Niestety z opóźnieniem oglądałem konferencje Apple, gdzie zostały zaprezentowane nowe iPady. Przed konferencją pojawił się przeciek, że Apple chce wypuścić nowego MacBooka z ekranem retina o przekątnej 12 cali. Ten produkt miał się nazywać Air. W tej informacji było troszkę prawdy, ponieważ nowy iPad 9.7 cala teraz nazywa się iPad Air. Moim zdaniem nie potrzebnie wprowadzali kolejną nazwę produktu. Wiem, że jest to związane z wagą i wymiarami nowego sprzętu, ale mnożenie nazw nie wychodzi na dobre. iPad Air otrzymał to samo serce co iPhone 5s, więc będzie mega szybki. Wstawili do niego lepszą kamerę do zdjęć bo aż 5 MP, choć dalej nie rozumie po co w tablecie jest potrzebny aparat. Chyba tylko do prowadzenia video rozmów. – wiem teraz posypią się na mnie gromy, przecież można zrobić bardzo ładne zdjęcia tabletem – iPad Air waży nie całe pół kilograma (478g) i jest sporo mniejszy od poprzedniego modelu. Jestem osobą, której cyferki nie imponują, dopiero jak wezmę do ręki urządzenia powiem czy warto się przesiadać.
Kolejną nowością jest wprowadzenie ekranu retina do iPada mini.
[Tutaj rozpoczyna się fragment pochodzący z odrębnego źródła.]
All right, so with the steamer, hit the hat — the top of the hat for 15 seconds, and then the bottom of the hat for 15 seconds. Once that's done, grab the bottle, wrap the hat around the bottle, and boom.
Długo czekaliśmy na ten produkt. Konkurencja już parę miesięcy temu zaprezentowała sprzęt, który bił na głowę ekran starego mini. Jeśli chodzi o wymiary iPad mini nie zmienił się. Za to zostało przeszczepione serce tak jak do większego brata z iPhone 5s. Tej jakości ekran wymaga mocnego procesora aby wszystkie aplikacje mogły płynnie działać. Niestety jego premiera będzie dopiero w listopadzie, ale nie podano dokładnej daty.
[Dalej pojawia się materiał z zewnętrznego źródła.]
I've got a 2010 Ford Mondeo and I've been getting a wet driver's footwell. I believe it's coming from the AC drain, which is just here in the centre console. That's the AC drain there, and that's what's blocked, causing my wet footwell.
Apple z oferty nie wycofało starszych modeli iPada 2 oraz iPada mini. Będziemy mogli je dalej zakupić za rozsądną kwotę. Dla mnie jest to bardzo dobre rozwiązanie, nie wszyscy potrzebują najnowszego i najszybszego sprzętu, a te urządzenia cały czas bardzo sprawnie działają i biją na głowę konkurencje pod względem wygody użytkowania. Osobiście jeszcze posiadam iPada 2 i jestem z niego bardzo zadowolony, ostatnio sprawdzałem ile można pracować na nim bez ładowania i licznik pokazał mi 5 dni a w tym 14 godzin pracy.